Zimbabwe: Council to Equip Horticultural Farmers

26 March 2024

Edgar Vhera — The Horticultural Development Council (HDC) has announced the introduction of initiatives to transform smallholder horticulture farming in line with Government's Rural Development 8.0 programme,.

HDC made its intentions known at the recent Zimbabwe Newspapers Limited (1980) organised smallholder horticulture conference in Mutoko where it hinted at introducing its 'hub and spoke' model of horticulture farming, which provides producers with inputs, agronomic support and markets.

HDC business development advisor Mr Michael Enrich said his organisation was spreading rural development through the hub and spoke model, which naturally feeds into the Rural Development 8,0 that seeks to improve livelihoods of rural communities.
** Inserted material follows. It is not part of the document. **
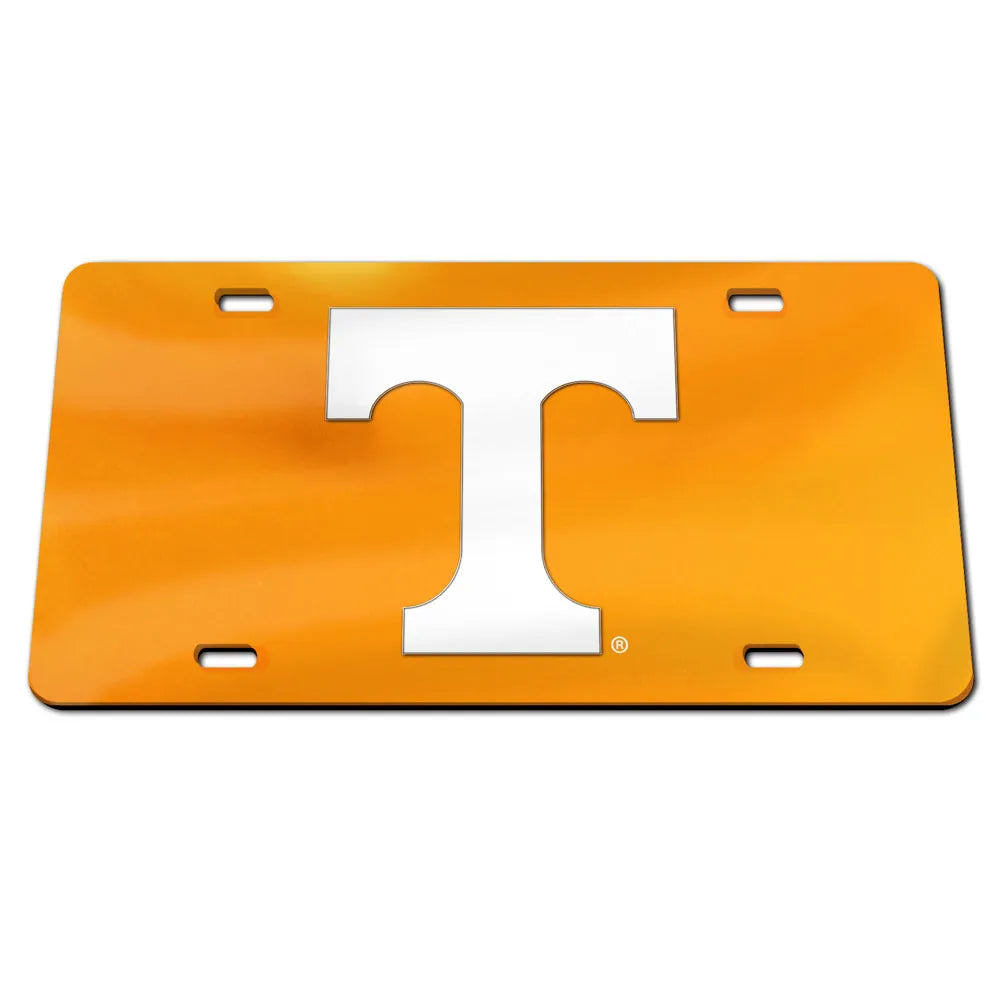 Volunteers License Plate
It is a collective of outcome-based interventions of the following Presidential Schemes - the Climate-Proofed Input, Cotton, Rural Development, Blitz Tick Grease, Community Fisheries, Poultry and Goat in addition to the Vision 2030 Accelerator Model.

"The hub and spoke model promotes rural village and ward industrialisation, leading to vibrant rural economies through the setting up of micro, small and medium enterprises (SMMEs) that will play a key role in service provision, planting, harvesting and logistics, among others.

"It will also provide local economic support through vocational training in specific skills such as welding, building, sign writing, fencing, solar system installation and irrigation development," said Mr Enrich.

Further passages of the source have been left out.